Por todas partes se cuentan hechos muy extraños. Se anuncia un asesinato. Uno más, pero uno muy distinto. Todos los medios de comunicación bucean una información maldita entre representantes políticos, responsables policiales, el sentir de la gente, comentaristas sin ganas… Han secuestrado a un muchacho para chantajear al Gobierno. Se cumple el plazo señalado. La sombra de la muerte ya alcanza el final de una sinrazón angustiosa.

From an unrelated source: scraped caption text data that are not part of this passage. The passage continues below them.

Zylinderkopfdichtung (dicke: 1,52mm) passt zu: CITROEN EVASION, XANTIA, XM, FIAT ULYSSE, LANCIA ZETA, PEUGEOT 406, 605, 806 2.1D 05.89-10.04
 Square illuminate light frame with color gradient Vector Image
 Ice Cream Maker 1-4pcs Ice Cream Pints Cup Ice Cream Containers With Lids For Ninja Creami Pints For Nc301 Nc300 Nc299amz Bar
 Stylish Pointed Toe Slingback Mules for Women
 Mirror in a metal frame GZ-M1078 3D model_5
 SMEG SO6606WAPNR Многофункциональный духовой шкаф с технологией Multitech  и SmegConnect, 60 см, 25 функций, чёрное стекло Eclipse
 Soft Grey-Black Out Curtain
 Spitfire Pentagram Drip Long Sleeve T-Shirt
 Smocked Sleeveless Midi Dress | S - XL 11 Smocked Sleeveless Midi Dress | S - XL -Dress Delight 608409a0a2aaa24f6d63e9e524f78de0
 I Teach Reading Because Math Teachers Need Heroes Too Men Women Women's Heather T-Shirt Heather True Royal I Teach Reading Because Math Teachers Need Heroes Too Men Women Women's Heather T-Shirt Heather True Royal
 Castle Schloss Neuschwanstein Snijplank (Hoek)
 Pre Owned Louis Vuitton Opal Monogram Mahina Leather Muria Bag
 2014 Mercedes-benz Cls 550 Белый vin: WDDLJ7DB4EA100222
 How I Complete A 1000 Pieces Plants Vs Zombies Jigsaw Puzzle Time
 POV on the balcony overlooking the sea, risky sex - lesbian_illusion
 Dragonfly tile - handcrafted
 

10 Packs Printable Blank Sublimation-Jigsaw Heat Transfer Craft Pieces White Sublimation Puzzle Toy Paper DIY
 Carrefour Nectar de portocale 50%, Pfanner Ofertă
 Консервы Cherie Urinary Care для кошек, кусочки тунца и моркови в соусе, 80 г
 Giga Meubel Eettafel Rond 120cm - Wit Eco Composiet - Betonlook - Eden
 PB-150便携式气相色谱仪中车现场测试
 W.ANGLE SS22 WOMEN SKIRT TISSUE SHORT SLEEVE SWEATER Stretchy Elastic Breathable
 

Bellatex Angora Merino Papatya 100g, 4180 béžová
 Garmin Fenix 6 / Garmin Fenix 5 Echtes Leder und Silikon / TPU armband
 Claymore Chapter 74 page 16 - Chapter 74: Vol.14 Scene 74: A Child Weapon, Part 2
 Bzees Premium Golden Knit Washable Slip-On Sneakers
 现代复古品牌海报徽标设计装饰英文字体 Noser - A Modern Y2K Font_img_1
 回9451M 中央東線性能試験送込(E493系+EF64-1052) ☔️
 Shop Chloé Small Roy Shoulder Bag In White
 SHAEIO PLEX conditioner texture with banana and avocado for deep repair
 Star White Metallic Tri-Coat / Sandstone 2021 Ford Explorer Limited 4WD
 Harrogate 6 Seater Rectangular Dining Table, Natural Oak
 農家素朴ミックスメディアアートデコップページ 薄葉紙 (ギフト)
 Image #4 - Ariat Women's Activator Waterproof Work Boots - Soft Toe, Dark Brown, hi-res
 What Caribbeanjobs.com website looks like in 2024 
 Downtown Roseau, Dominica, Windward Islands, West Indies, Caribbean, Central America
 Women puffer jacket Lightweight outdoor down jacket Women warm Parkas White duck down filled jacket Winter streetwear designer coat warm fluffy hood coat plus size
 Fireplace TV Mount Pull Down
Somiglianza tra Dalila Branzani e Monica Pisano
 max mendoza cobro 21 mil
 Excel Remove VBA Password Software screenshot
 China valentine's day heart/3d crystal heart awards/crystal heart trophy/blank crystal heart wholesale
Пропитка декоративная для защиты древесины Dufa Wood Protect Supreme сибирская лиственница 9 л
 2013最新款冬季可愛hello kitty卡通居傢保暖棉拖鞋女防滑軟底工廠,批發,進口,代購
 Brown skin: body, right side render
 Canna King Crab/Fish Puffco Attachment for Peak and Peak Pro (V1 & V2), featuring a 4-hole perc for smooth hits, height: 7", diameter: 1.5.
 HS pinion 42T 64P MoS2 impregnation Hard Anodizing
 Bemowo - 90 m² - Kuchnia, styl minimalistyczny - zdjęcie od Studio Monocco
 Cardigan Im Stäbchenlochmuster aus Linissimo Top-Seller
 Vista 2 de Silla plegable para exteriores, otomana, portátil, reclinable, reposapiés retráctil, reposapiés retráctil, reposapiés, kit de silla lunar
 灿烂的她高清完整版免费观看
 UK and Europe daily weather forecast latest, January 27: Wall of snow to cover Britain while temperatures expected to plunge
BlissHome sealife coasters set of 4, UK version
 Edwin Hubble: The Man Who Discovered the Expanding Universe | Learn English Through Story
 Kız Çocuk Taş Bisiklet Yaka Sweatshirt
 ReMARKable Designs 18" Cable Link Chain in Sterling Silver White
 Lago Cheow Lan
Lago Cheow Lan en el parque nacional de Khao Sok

Yo no sé ustedes, pero aquel día, hace diez años tal 12 de julio como hoy, yo sentí un miedo espantoso. Miedo porque vi correr seres fantasmagóricos por el mundo. Miedo porque vi a las gentes esconderse tras ventanas y puertas, contemplando horrorizadas la sangre por las calles. Pensé que acechaba la muerte en cada esquina, en cada vivienda. No hubo luna en el cielo, aquella noche. Ni titilaban las estrellas. Las nubes eran todas grises, y surcaban ciegas, reptantes, el vacío firmamento teñido de rojo sangre. Aquel sábado 12 de julio no cantaban en los árboles los pajarillos cantantes. Sólo volaban buitres, con sus ojos asechantes, para arrancarnos el alma a todos los mortales que, muriendo Miguel Ángel Blanco, moríamos con él.

Aquella jornada, lo confieso, sentí un pánico terrible. Me dio igual que se proclamase la fuerza de la razón y del estado de derecho. Me dio igual escuchar las tonterías de siempre o mirar las caras de los que nunca hacen nada, salvo hablar. Me dio igual todo. Yo sentía un martilleo constante en mis sienes, donde tronaba cada latido de sangre bombeado por mi corazón. Porque no era mi sangre la que escuchaba, sino la de un pobre muchacho, roto y destrozado, padecedor de un sufrimiento atroz como ninguno que discurrirse pudiera, a quien iban a encañonar sin piedad aquella tarde en que se contaban hechos muy extraños.